*Task to carry out*. Take the line containing "1L大容量实木把手暖水壶家用玻璃内胆热水壶学生宿舍保温壶热水瓶" and every line below it through the end of the entries, and output them verbatim, pictures excluded.

══ Data in this exercise

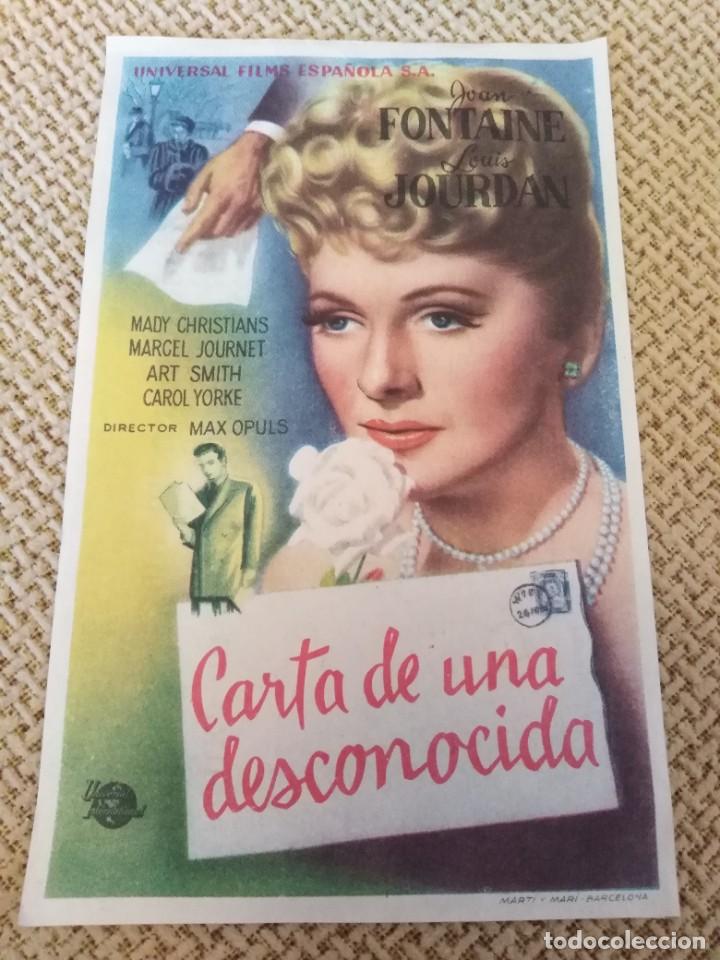 Cine: Programa cartel de mano cine Carta de una desconocida - Foto 1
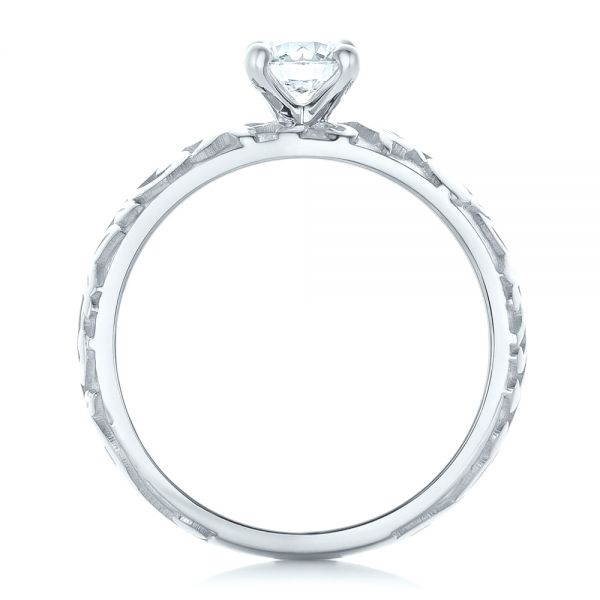 Platinum Platinum Custom Solitaire Diamond Engagement Ring - Front View - 102306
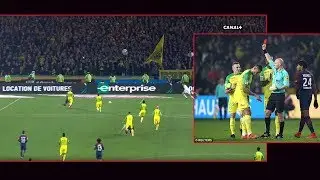 French referee kicks out at Nantes defender before sending him off for unintentionally tripping him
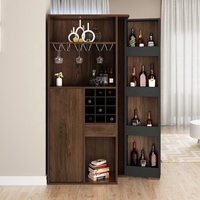 Meuble bar moderne en bois avec rangement pour boissons de grande taille, design pliable, comptoir de bar à vin pour la maison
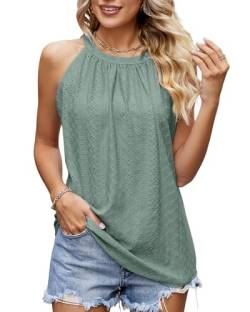 HANERDUN Tank Top Damen Sommer Tops Casual Trägershirt Sexy Vest Ärmellose Öse Shirts Basic Blusen Rundhals Oberteile Lässige Weste von HANERDUN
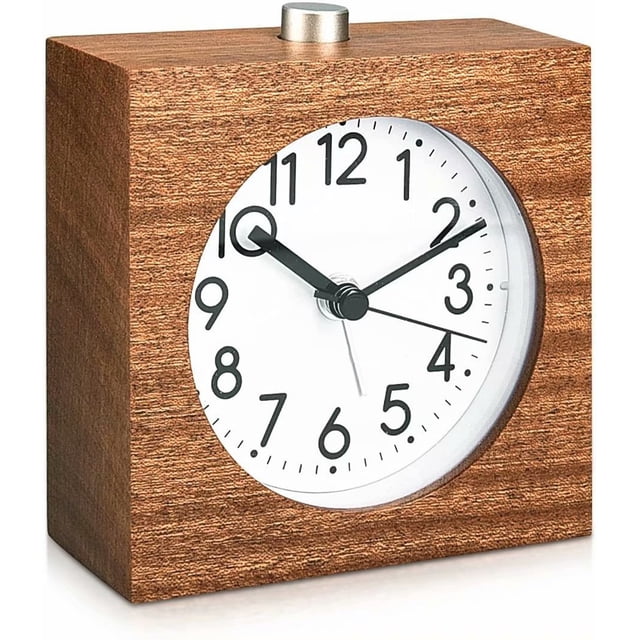 Analog Wood Alarm Clock With Snooze - Retro Clock In Square Design With Dial Alarm - Quiet Table Clock Without Ticking - Natural Wood In Dark Brown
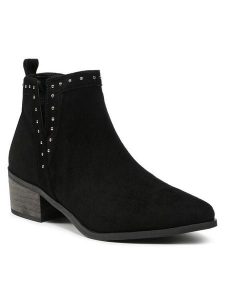 DeeZee Botki WS19233-02 Czarny. Czarne botki DeeZee, bez wzorów, z materiału, bez obcasa, na słupku, bez zapięcia. Za 79,99 zł.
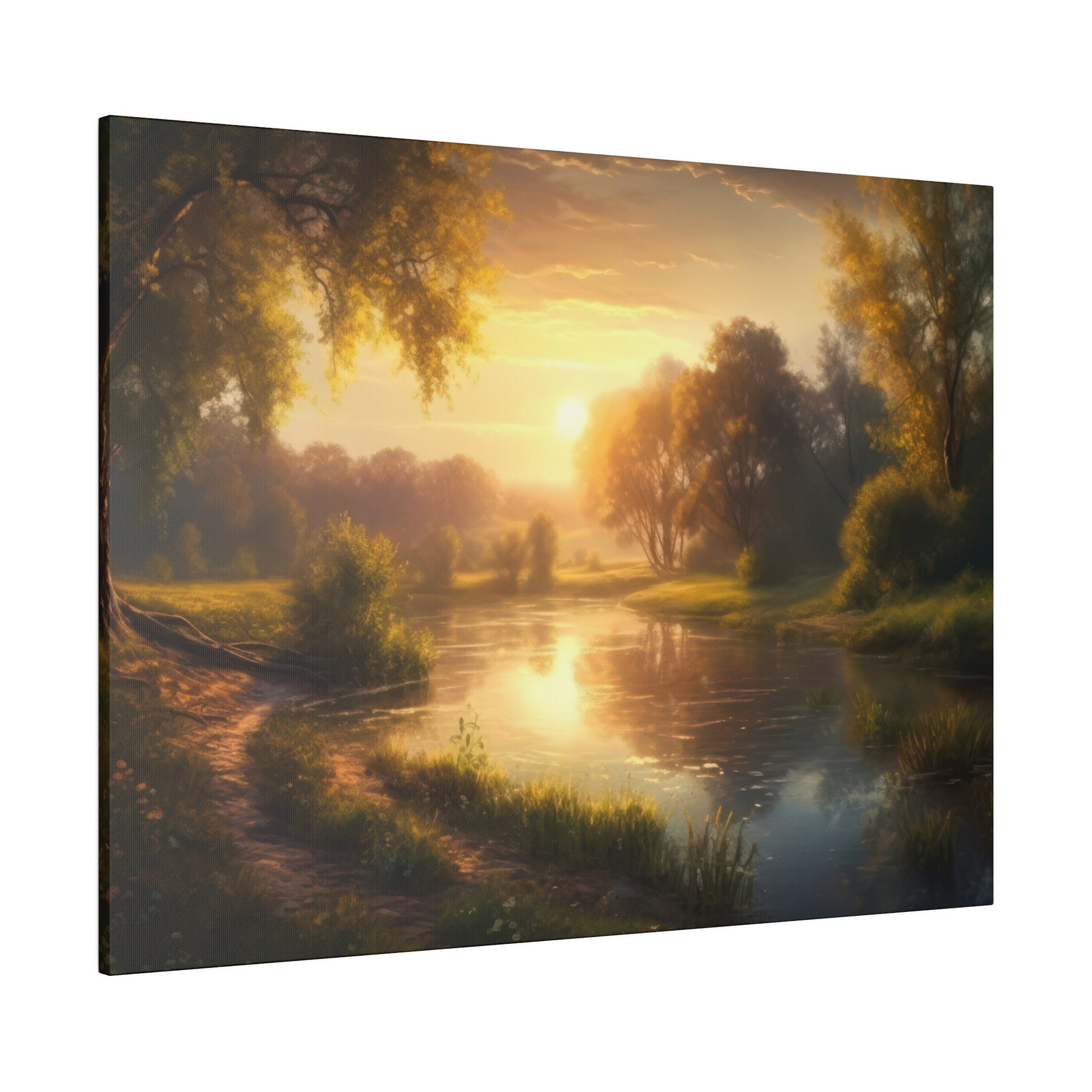 A river glowing under a golden sunset, surrounded by lush trees and a tranquil landscape. The reflection of the sunset on the water creates a peaceful atmosphere.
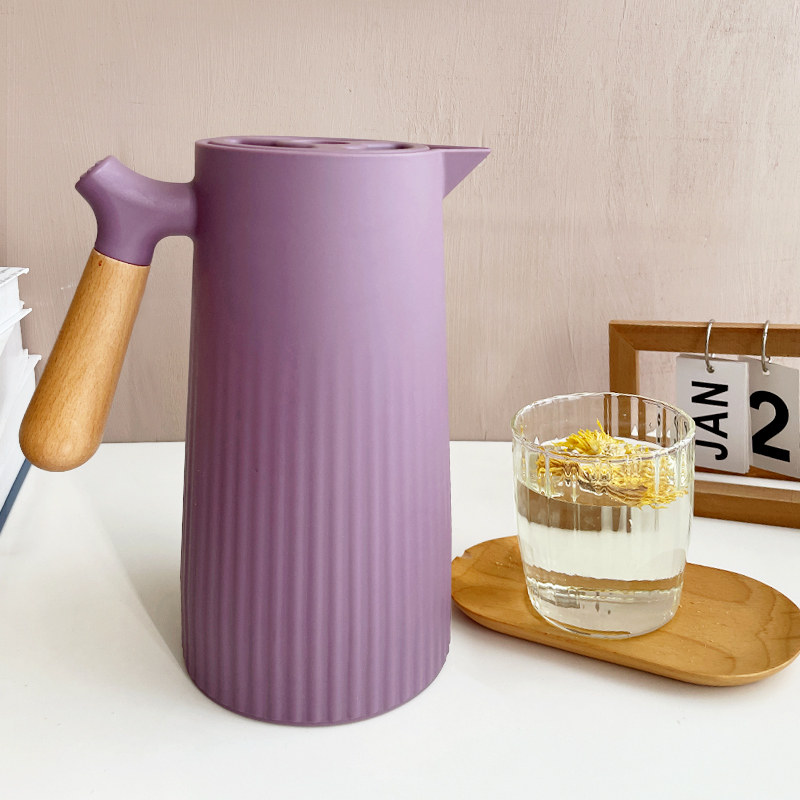 1L大容量实木把手暖水壶家用玻璃内胆热水壶学生宿舍保温壶热水瓶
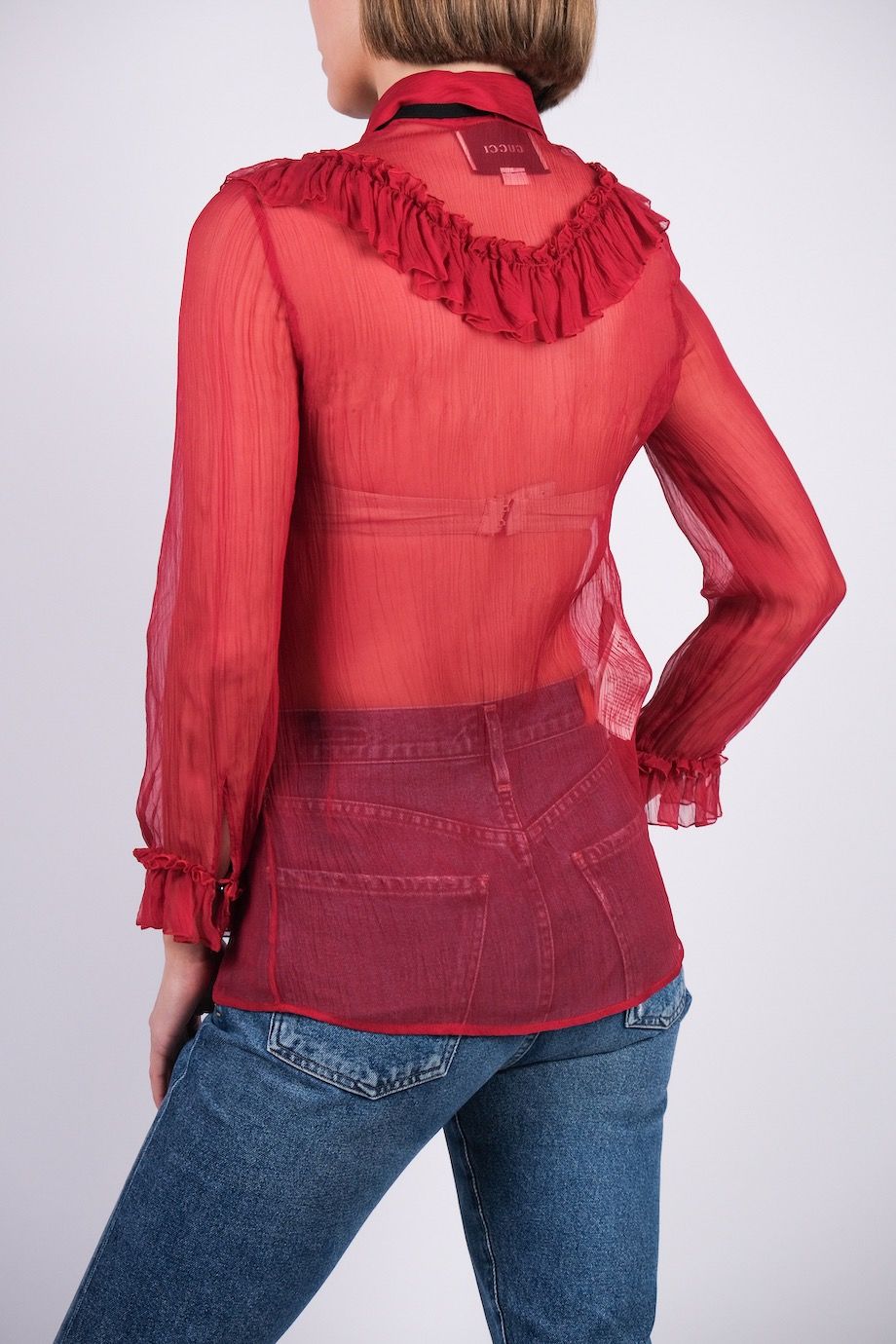 image 3 Шелковая блуза красного цвета
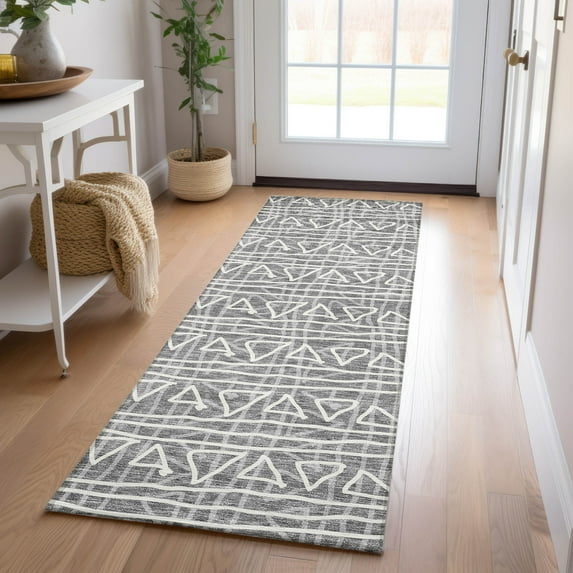 Addison Rugs Chantille Indoor/Outdoor Transitional Bohemian Charcoal Washable Runner Rug, 2'3" x 7'6"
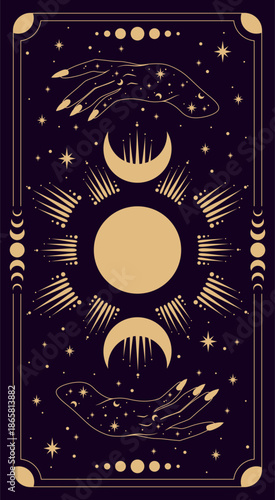 Magical card for astrology, tarot. Purple postcard with a frame in a bohemian design, moon phases stars, copy space. Magic vector illustration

════

*Solution for this problem*.
 1L大容量实木把手暖水壶家用玻璃内胆热水壶学生宿舍保温壶热水瓶
 image 3 Шелковая блуза красного цвета
 Addison Rugs Chantille Indoor/Outdoor Transitional Bohemian Charcoal Washable Runner Rug, 2'3" x 7'6"
 Magical card for astrology, tarot. Purple postcard with a frame in a bohemian design, moon phases stars, copy space. Magic vector illustration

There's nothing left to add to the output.